Fig. 5.. CRISPR/Cas editing single candidate PD risk SNPs does not alter LRRK2 expression in iMicroglia.

(A-B) Depictions of the guide RNA (gRNA) and donor templates used to make a Cas12a- or Cas9-directed single nucleotide substitution in the an iPSC line (genotype rs76904798-CC and rs1491942-CC), to produce edited iPSC lines with genotype rs76904798-TT or rs1491942-GG. IGV browser (72) view of the sequencing results are shown for the original PPMI cell line (“Parental”), a non-edited control (NEC) clone (“P1C9” or “P2B1”), and the correctly edited clone (“P2E6” or “P3C11”) used in differentiation experiments. (C) Western blot analysis of iMicroglia differentiated from the parental, edited, and NEC lines. Normalized quantifications of LRRK2 (D, F) and Iba1 (E, G) protein and LRRK2 (H, J) and AIF1 (I, K) mRNA are shown, N = 3–4 experiments with data points representing the average value of technical replicates. No significant differences in these measurements were detected by one-way ANOVA followed by Tukey’s multiple comparisons test.

Fig. 6.. Repression of the chromatin peak containing rs6581593 decreases LRRK2 expression in iMicroglia.

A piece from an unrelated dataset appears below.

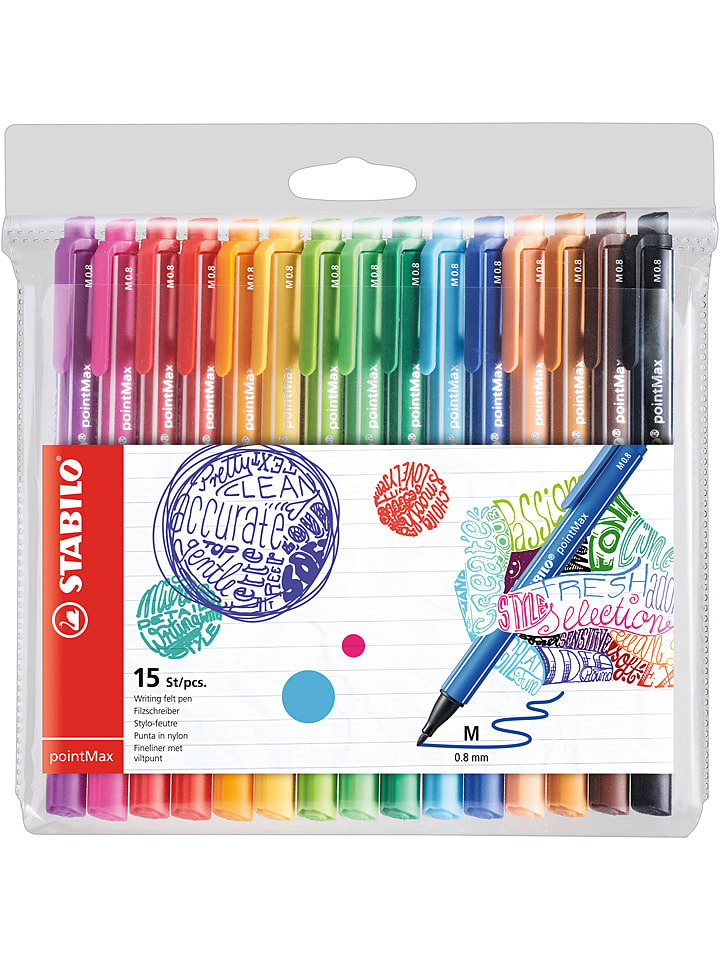 STABILO Mazaki (15 szt.) "STABILO PointMax" rozmiar: onesize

(A) Schematic of the CRISPRi screen workflow. iPSC constitutively expressing dCas9-KRAB were differentiated to iMicroglia, then transduced with a lentiviral-packaged sgRNA library containing sgRNA designed to tile across peaks of open chromatin in microglia that intersected known genetic variants. Transduced cells were labeled with CMOs, collected by FACS, and sc-gene expression (GEX), sgRNA, and CMO libraries sequenced. (B) pyGenomeTracks plot summarizing the results of repression across all guides directed at a single target genomic region. (C) pyGenomeTracks plot showing the results of repression at individual sgRNA binding sites. In the LRRK2 scaled expression track, the horizontal line represents the LRRK2 scaled expression in iMicroglia transduced with non-targeting control sgRNAs (sgNT). For the effect size track, the z test statistic is used to demonstrate the size of the effect of repression at each site. Statistical significance is represented by p value on a log scale; for guide measurements in (C), the dashed horizontal line indicates the statistically significant threshold after adjusting for multiple tests. (D) Peaks of open chromatin identified in frontal cortex microglia by snATACseq, with peak labels used for sgRNA library design shown. ENCODE candidate cis-regulatory elements (CREs) (E) as well as PD GWAS results (F) in the relevant region upstream of the LRRK2 gene are illustrated.